(PROBLEM REQUIREMENTS) Only the lines from the start of the data through the line containing "Bolso City con Colgante de Corazn" should be written out, exactly as they are, with both ends included and the pictures left out.

(GIVEN RECORDS)

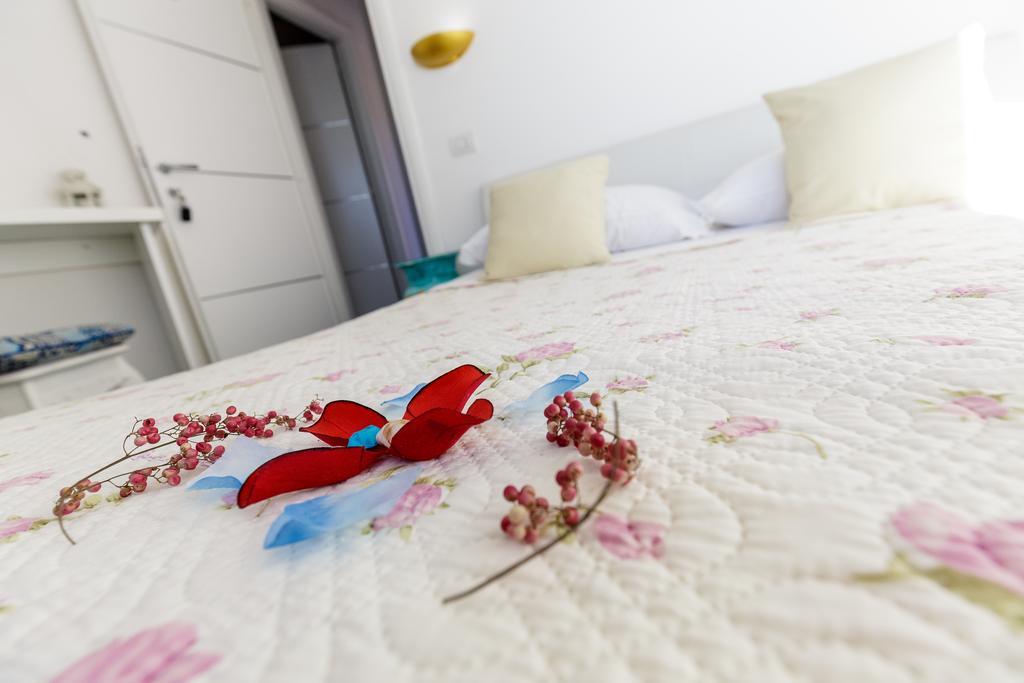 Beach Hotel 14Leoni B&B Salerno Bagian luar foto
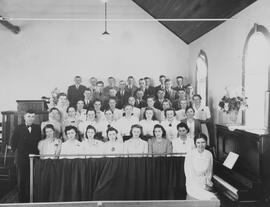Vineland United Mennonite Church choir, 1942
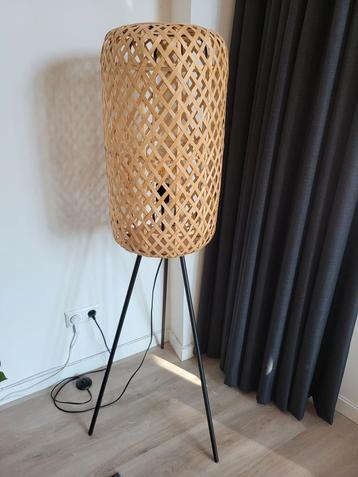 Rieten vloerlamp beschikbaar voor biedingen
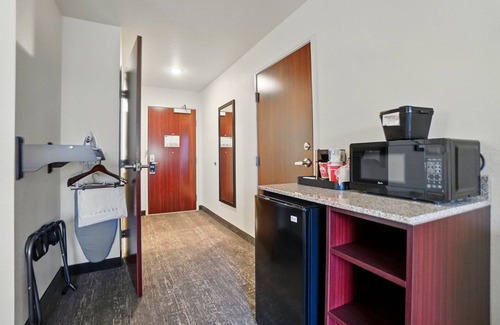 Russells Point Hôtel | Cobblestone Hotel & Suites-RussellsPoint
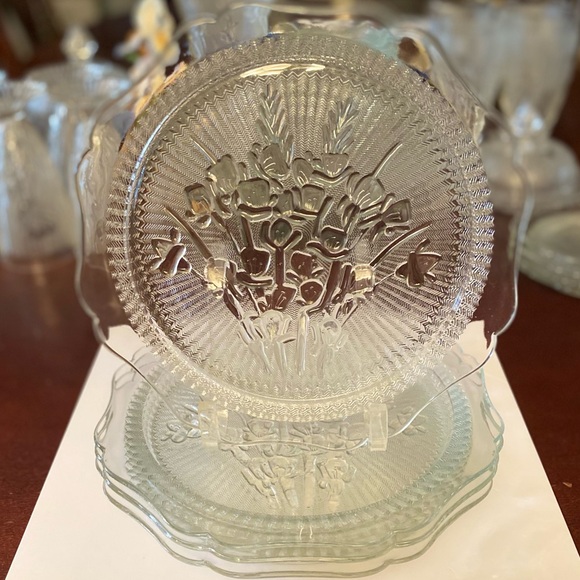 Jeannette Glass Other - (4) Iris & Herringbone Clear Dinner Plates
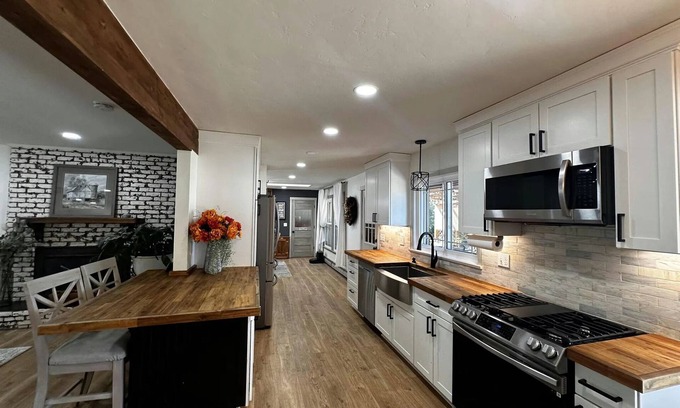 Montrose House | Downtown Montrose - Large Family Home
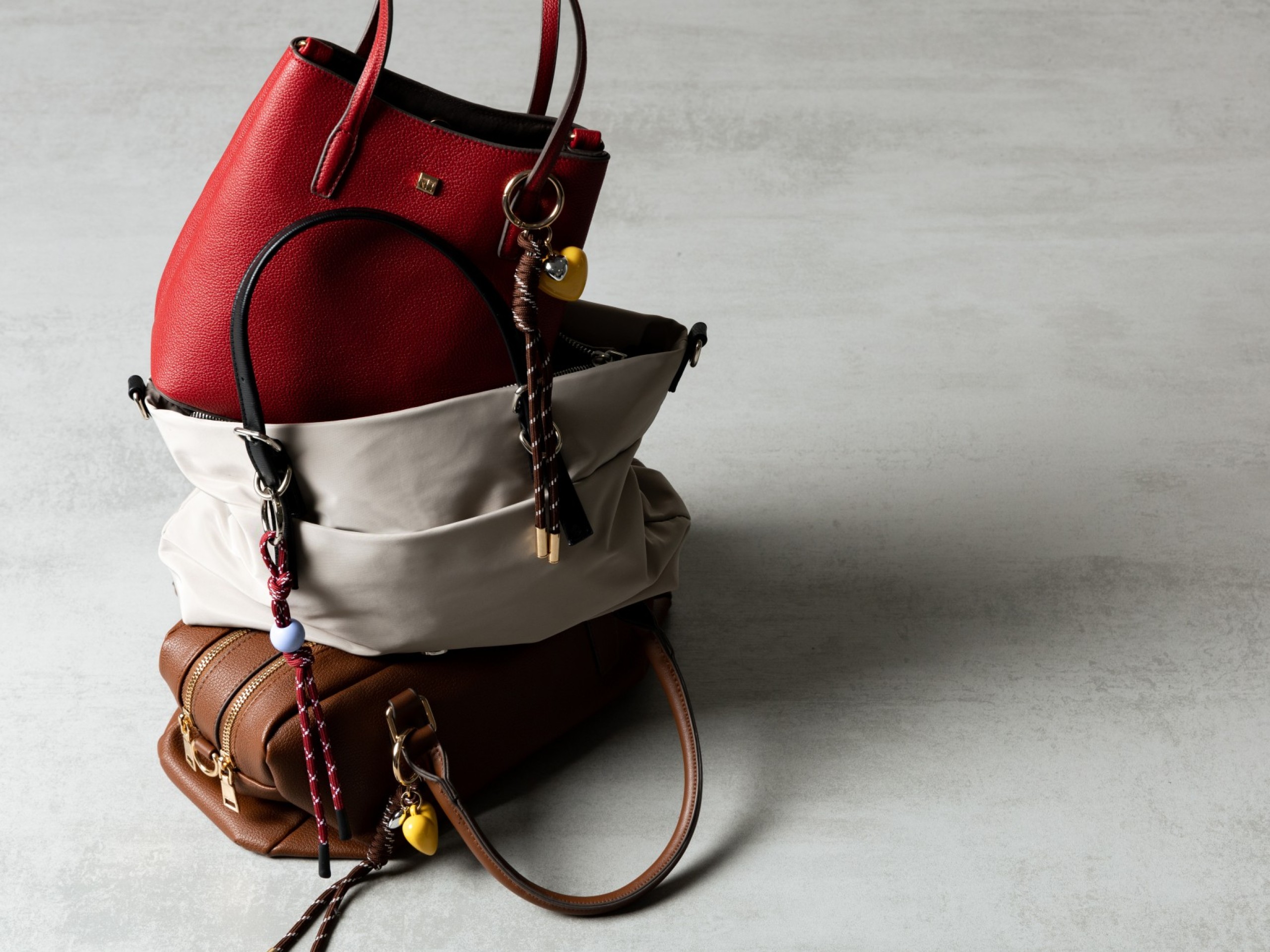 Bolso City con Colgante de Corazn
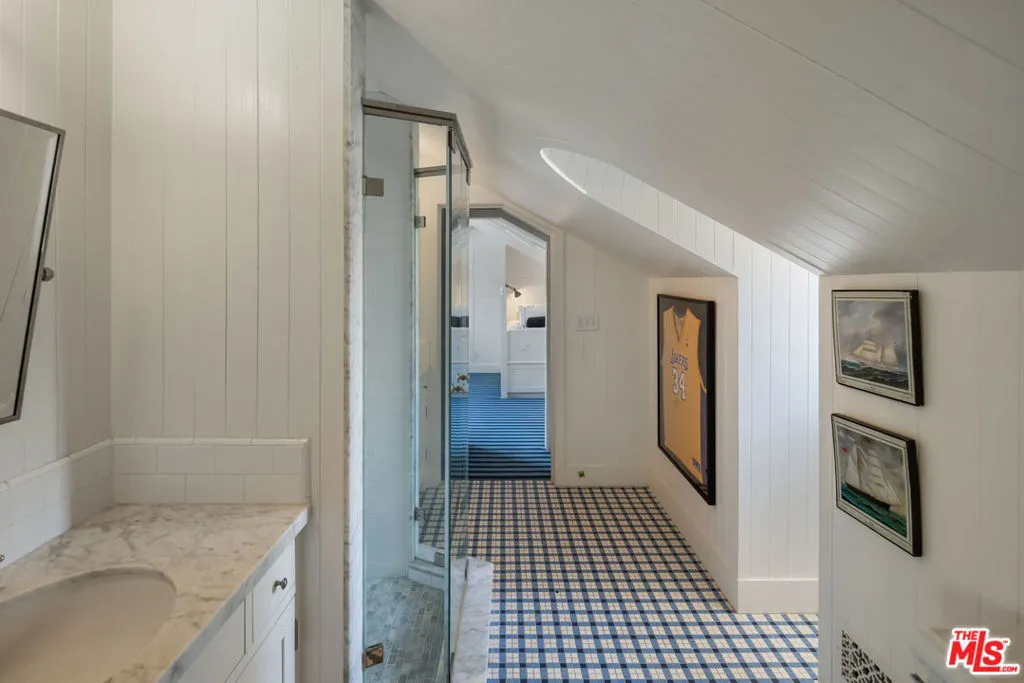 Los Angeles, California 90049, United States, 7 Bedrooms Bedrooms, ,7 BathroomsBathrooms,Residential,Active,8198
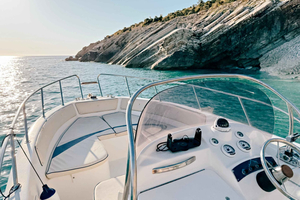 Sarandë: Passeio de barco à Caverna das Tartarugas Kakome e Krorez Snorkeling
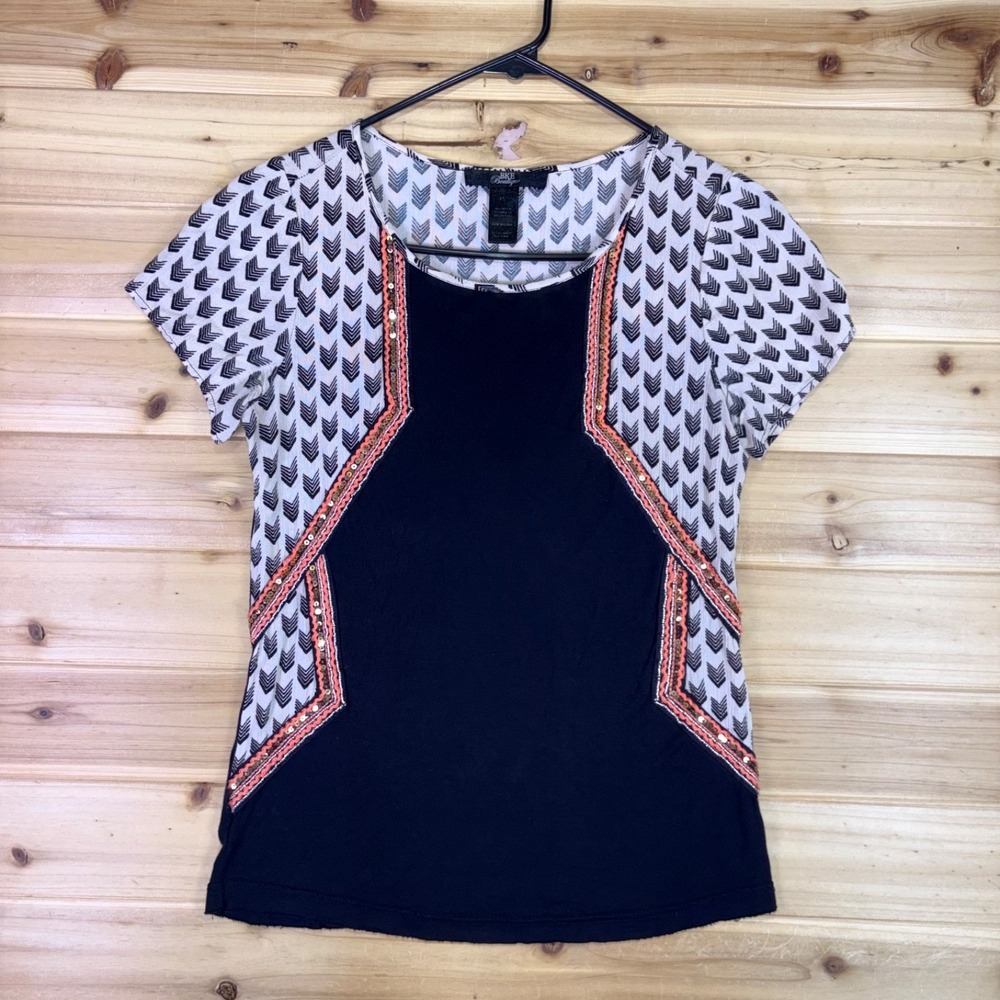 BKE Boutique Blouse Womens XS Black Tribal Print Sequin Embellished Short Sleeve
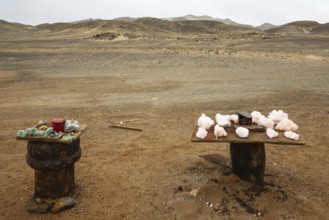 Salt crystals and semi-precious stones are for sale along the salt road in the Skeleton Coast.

(WRITTEN SOLUTION)
 Beach Hotel 14Leoni B&B Salerno Bagian luar foto
Vineland United Mennonite Church choir, 1942
 Rieten vloerlamp beschikbaar voor biedingen
 Russells Point Hôtel | Cobblestone Hotel & Suites-RussellsPoint
 Jeannette Glass Other - (4) Iris & Herringbone Clear Dinner Plates
 Montrose House | Downtown Montrose - Large Family Home
 Bolso City con Colgante de Corazn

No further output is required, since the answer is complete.